Court Opinion

ID: 9827594
Source: CourtListenerOpinion
Date Created: 2023-09-01 17:40:56.127529+00
Date Added: 2024-06-11T07:42:33.570373
License: Public Domain

On Motion for Rehearing.
We will note two points made in appellee’s motion for rehearing, which are substantially, as follows:
(1) We should not have considered the issues raised in appellant’s brief because no assignments of error were filed in the trial court, and the record does not present fundamental error.
(2) We should not have gone out of the record to determine the laws of Kansas.

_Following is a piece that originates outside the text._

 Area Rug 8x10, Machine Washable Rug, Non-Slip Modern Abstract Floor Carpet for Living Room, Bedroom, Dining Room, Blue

Upon the first point: The only issue presented in the appeal was the correctness of the trial court’s action in dismissing appellant from the ease. The record shows conclusively that this action was based upon an admission of appellee as to the insanity of Earl W. Reeves, and unconflicting evidence as to the status of such marriage under the laws of Kansas. The question thus presented is one we think fundamentál in its nature, going to the very right of appellants as litigants in the case, and the error committed by the court is apparent upon the face of the record.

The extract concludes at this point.